ISSN 2359-5191

04/04/2013 - Ano: 46 - Edição Nº: 1 - Sociedade - Faculdade de Direito
Pesquisa analisa os efeitos jurídicos da parentalidade socioafetiva

O que faz de alguém pai ou mãe? Há um ditado popular que diz que “pai é aquele que cria”, não importando se concebeu a criança ou não. Parentalidade socioafetiva é o nome que se dá, no âmbito do Direito, ao tipo de paternidade do “pai que cria”. Não há vínculo biológico entre o adulto (é possível a existência de uma maternidade socioafetiva, mas os casos predominantes são masculinos) e a criança, mas esta, de posse do estado de filho (sendo tratada como filha pelo adulto) é reconhecida legalmente como filha e herdeira. O que fazer, no entanto, quando uma das partes se arrepende? Ou quando o filho decide que deve ter acesso ao patrimônio do pai biológico?

A falta de respostas para esses questionamentos é exatamente o cerne da tese de doutorado do professor Christiano Cassettari, defendida em março na Faculdade de Direito da USP. Para ele, o que incomoda e acabou por incitá-lo a escolher esse tema para a pesquisa é o fato de o Judiciário se preocupar pouco com as consequências da parentalidade socioafetiva, ao mesmo tempo que reconhece a existência desse tipo de relação em muitos casos que não seriam merecedores do título. “A parentalidade socioafetiva no Brasil”, diz, “deve ser repensada”. “Me parece que os julgados, às vezes, se preocupam com a situação momentânea, não com o que está no entorno da importância da decisão que está sendo proferida”, pondera o professor.

Esse foco nas consequências, inclusive, seria o que dá originalidade à tese: há bastante material acerca dos conceitos da socioafetividade, mas pouca discussão em torno de seus efeitos legais. O professor destacou também a importância de se usar o termo “parentalidade” e não “filiação” porque, segundo ele, todos os ascendentes daquele que assume a paternidade passam a ser parentes também. A irradiação das relações de parentesco, aliás, é um efeito do reconhecimento da socioafetividade.

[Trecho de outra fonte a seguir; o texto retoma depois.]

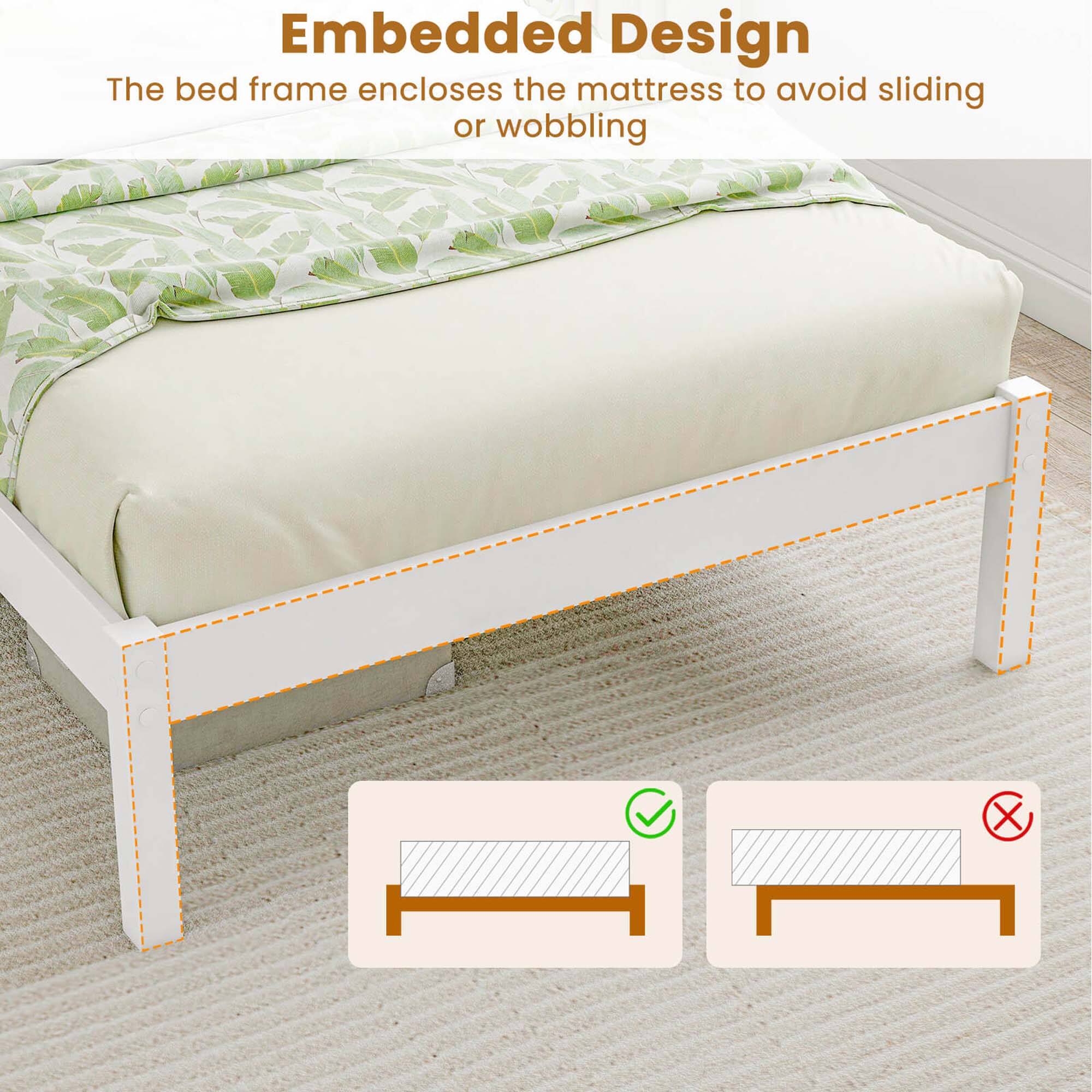 Embedded Design: The bed frame encloses the mattress to avoid sliding or wobbling.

Como um dos efeitos de que trata sua tese, o professor Christiano cita a multiparentalidade, “o efeito maior, um dos mais palpitantes”, ainda que não o mais polêmico. Foi o que ocorreu, por exemplo, no caso de uma menina de quatro anos em Recife, por sugestão do próprio Ministério Público, no início deste ano. A criança vivia com o pai e com a madrasta, pois, quando do seu nascimento, a mãe passava por dificuldades financeiras e abriu mão, provisoriamente, da sua guarda, para que o pai e a companheira pudessem cuidar do bebê. Quando a madrasta quis reconhecer a menina como filha, no entanto, ficou comprovado que tanto ela quanto a mãe biológica exerciam a função materna, não sendo possível escolher apenas uma como mãe, legalmente falando. Nesse caso, a socioafetividade existente entre a madrasta e a menina levou ao reconhecimento jurídico, que consta na certidão de nascimento, de que ela tem duas mães.

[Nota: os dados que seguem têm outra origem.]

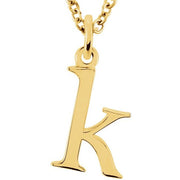14K Yellow Lowercase Initial k 16' Necklace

Ao falar dos possíveis problemas gerados pelo reconhecimento da socioafetividade, que, segundo ele, importa mais para a sociedade brasileira do que a paternidade biológica, o professor analisou o caso do joalheiro H. Stern, morto em 2007. Após seu falecimento, dois homens conseguiram a comprovação de serem seus filhos biológicos e tentaram tomar parte na herança, apesar de, na certidão de nascimento, terem o nome de outro pai. Esse tipo de caso, de acordo com Christiano Cassettari, deveria fazer com que o Judiciário pensasse melhor antes de conferir a parentalidade socioafetiva.

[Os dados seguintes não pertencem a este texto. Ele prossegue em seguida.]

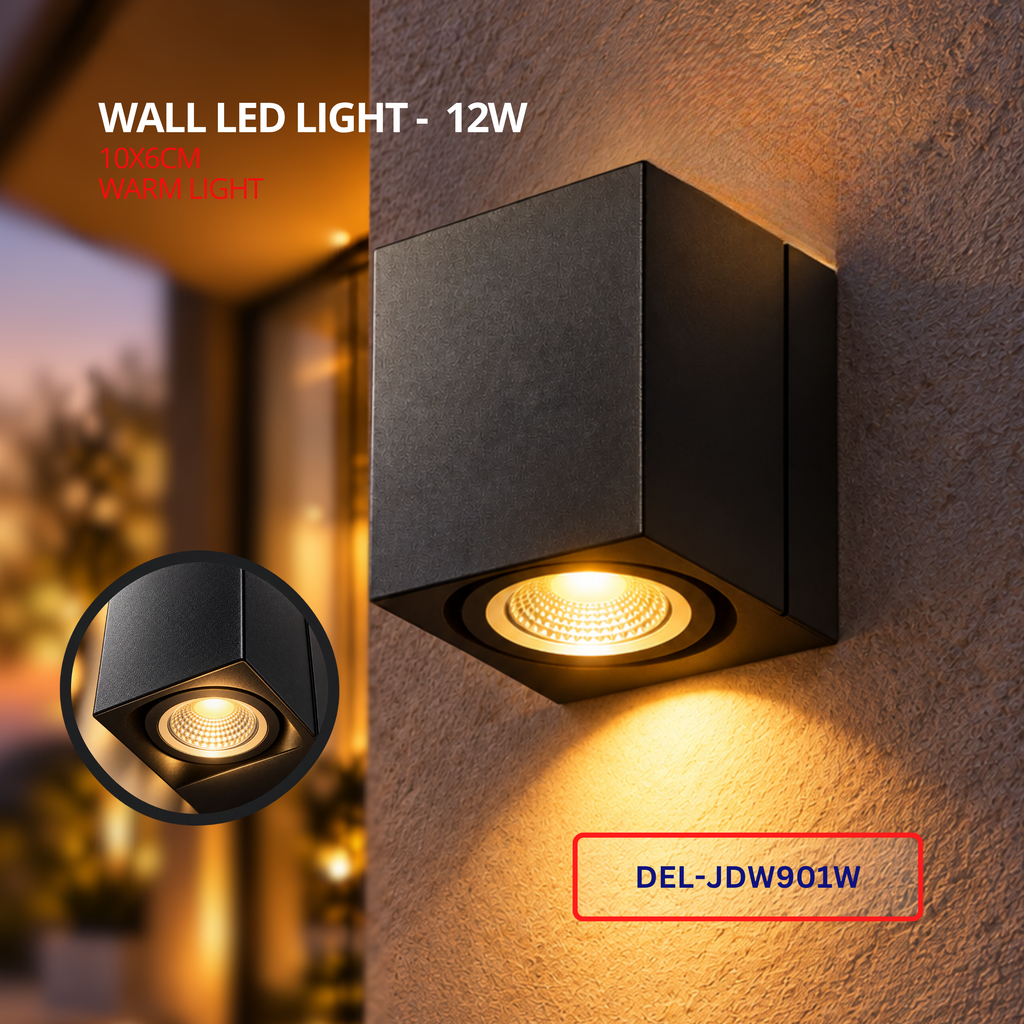 12W LED Wall Light – Warm Light | Black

Como solução para os problemas citados na tese, o professor sugere um modelo parecido com o português, de apadrinhamento civil. Com esse modelo, pode-se ajudar financeiramente uma criança, ajudá-la a desenvolver seus estudos, além de oferecer a ela companhia e suporte, mas “sem que com isso se estabeleça o vínculo de parentesco”, ou seja, sem que o adulto faleça e a criança se habilite como herdeira de seu inventário. Esse modelo, para o professor, é o que mais se aproxima da solução para o problema que ele apontou como a “banalização da socioafetividade” ou até, num nível mais profundo, do próprio afeto.